Ravitz Foundation Phase 1 / Translational Research Center
Enhancing our commitment to advancing cancer treatment
The Ravitz Foundation Translational Research Center enhances the commitment of the University of Michigan Rogel Cancer Center to advance cancer treatment through:
- A dedicated resource for evaluating novel cancer therapies at the earliest stage in the FDA's regulatory process
- Helping to speed these promising therapies from the laboratory to the clinic - where our patients may ultimately benefit
Ravitz Foundation Translational Research Center Focus on Phase I Clinical Trials
Our dedicated translational research is open to clinical trials for all types of cancer. Patients who volunteer to participate in Phase 1 clinical trials are able to participate in these trials in a centralized space with strict monitoring by faculty physicians, research nurses and data managers - all dedicated specifically to the center. The Phase 1 Unit, which is located on the cancer center's second floor, offers five chairs and one bed for infusion as well as facilities for specialized patient monitoring.
Leadership Strength Supports Collaborative Environment
Under the leadership of Rashmi Chugh, M.D., medical director of the Ravitz Foundation Translational Research Center, we offer comprehensive translational research resources for a range of investigators:
- University of Michigan Rogel Cancer Center faculty
- Investigators at other academic institutions
- Pharmaceutical and biotechnology companies
True to the collaborative environment fostered at the University of Michigan and supported by leadership, the Ravitz Foundation Translational Research Center bring clinicians and researchers together in one space, with a laboratory equipped to provide a wide spectrum of services to assess the biological impact of potential therapies used in the clinic.

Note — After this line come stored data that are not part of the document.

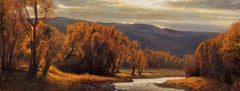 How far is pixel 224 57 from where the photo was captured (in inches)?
2906

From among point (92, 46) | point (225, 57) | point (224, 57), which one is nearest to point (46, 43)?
point (225, 57)

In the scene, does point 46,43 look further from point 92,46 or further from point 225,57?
point 92,46

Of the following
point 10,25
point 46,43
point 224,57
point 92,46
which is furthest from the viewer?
point 92,46

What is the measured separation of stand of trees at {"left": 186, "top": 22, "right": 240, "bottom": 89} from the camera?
6999cm

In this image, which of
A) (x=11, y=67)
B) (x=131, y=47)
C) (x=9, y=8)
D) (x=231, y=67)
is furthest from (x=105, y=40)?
(x=9, y=8)

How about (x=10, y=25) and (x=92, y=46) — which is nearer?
A: (x=10, y=25)

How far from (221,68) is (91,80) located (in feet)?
92.7

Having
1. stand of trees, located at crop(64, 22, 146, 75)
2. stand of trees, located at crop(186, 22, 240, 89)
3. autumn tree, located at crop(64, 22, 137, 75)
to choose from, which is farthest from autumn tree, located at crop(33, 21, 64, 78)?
autumn tree, located at crop(64, 22, 137, 75)

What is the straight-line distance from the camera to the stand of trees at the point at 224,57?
69994 millimetres

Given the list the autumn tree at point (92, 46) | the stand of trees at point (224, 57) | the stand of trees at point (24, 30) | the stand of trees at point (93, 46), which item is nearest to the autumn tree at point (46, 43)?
the stand of trees at point (24, 30)

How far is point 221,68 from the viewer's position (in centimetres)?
8481

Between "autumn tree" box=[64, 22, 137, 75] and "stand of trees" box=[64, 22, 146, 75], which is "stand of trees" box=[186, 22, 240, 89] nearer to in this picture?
"stand of trees" box=[64, 22, 146, 75]

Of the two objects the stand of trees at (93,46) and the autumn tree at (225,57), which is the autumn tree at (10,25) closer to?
the autumn tree at (225,57)

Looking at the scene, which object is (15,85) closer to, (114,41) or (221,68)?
(221,68) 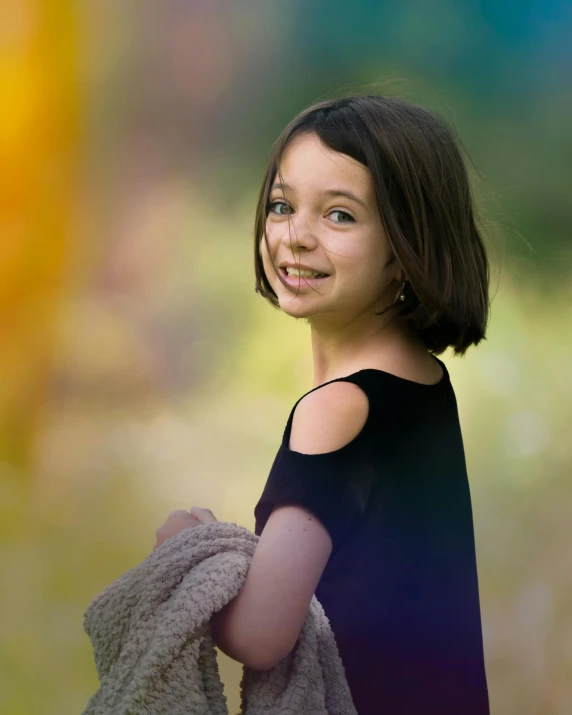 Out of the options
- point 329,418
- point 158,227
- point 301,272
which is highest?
point 158,227

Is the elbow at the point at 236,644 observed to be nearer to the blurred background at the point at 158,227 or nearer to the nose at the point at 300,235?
the nose at the point at 300,235

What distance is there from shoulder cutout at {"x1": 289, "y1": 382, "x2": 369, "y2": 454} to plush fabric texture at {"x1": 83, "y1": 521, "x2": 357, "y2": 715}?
0.08m

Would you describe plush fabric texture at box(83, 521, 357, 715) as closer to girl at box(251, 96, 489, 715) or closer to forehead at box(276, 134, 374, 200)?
girl at box(251, 96, 489, 715)

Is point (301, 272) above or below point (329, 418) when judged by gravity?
above

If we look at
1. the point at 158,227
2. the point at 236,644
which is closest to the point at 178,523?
the point at 236,644

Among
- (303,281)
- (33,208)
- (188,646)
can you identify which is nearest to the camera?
(188,646)

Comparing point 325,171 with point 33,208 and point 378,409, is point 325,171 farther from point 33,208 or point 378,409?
point 33,208

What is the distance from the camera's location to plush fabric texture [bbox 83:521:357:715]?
0.54 m

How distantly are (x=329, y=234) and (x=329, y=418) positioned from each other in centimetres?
14

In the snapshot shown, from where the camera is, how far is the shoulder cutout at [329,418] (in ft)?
1.91

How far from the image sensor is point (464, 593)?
0.69 metres

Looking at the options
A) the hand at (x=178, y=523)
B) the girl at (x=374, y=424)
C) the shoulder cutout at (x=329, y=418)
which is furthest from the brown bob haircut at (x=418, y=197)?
the hand at (x=178, y=523)

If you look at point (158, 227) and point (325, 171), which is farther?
point (158, 227)

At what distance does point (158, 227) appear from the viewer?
1028mm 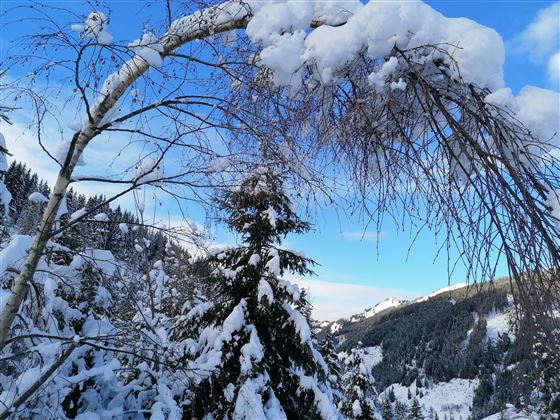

Improved Efficiencies of Regulatory and Contractual Processes
As an added benefit to the collaborative environment at the Ravitz Foundation Translational Research Center, streamlined regulatory and contractual processes occur. When an investigator initiates a new study with the center, the protocol review process is handled at the same time as study contract services negotiations. This process, much of which is handled electronically, can be efficiently completed in about two months.